**Required work:**
All of the data below is to be written out again exactly.

--- The input Enclosed Below ---

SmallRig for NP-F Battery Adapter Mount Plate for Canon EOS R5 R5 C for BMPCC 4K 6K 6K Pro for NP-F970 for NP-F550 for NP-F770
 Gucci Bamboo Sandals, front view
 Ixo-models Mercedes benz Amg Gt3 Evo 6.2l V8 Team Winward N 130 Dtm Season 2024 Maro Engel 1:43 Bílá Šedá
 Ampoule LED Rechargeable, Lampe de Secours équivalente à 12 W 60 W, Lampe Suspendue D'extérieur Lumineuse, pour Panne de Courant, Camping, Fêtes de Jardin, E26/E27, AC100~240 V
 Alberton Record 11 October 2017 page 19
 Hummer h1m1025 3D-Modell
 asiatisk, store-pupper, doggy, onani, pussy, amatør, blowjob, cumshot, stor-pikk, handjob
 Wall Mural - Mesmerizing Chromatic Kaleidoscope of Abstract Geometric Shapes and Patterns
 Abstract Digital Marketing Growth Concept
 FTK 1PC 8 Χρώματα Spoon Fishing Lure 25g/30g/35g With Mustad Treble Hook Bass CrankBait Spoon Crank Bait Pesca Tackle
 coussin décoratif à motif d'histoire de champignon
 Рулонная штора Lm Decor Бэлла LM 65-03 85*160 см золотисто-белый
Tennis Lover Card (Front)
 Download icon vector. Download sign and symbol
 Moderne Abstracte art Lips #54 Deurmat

--- End of Enclosed The input ---

**Answer for the task:**
SmallRig for NP-F Battery Adapter Mount Plate for Canon EOS R5 R5 C for BMPCC 4K 6K 6K Pro for NP-F970 for NP-F550 for NP-F770
 Gucci Bamboo Sandals, front view
 Ixo-models Mercedes benz Amg Gt3 Evo 6.2l V8 Team Winward N 130 Dtm Season 2024 Maro Engel 1:43 Bílá Šedá
 Ampoule LED Rechargeable, Lampe de Secours équivalente à 12 W 60 W, Lampe Suspendue D'extérieur Lumineuse, pour Panne de Courant, Camping, Fêtes de Jardin, E26/E27, AC100~240 V
 Alberton Record 11 October 2017 page 19
 Hummer h1m1025 3D-Modell
 asiatisk, store-pupper, doggy, onani, pussy, amatør, blowjob, cumshot, stor-pikk, handjob
 Wall Mural - Mesmerizing Chromatic Kaleidoscope of Abstract Geometric Shapes and Patterns
 Abstract Digital Marketing Growth Concept
 FTK 1PC 8 Χρώματα Spoon Fishing Lure 25g/30g/35g With Mustad Treble Hook Bass CrankBait Spoon Crank Bait Pesca Tackle
 coussin décoratif à motif d'histoire de champignon
 Рулонная штора Lm Decor Бэлла LM 65-03 85*160 см золотисто-белый
Tennis Lover Card (Front)
 Download icon vector. Download sign and symbol
 Moderne Abstracte art Lips #54 Deurmat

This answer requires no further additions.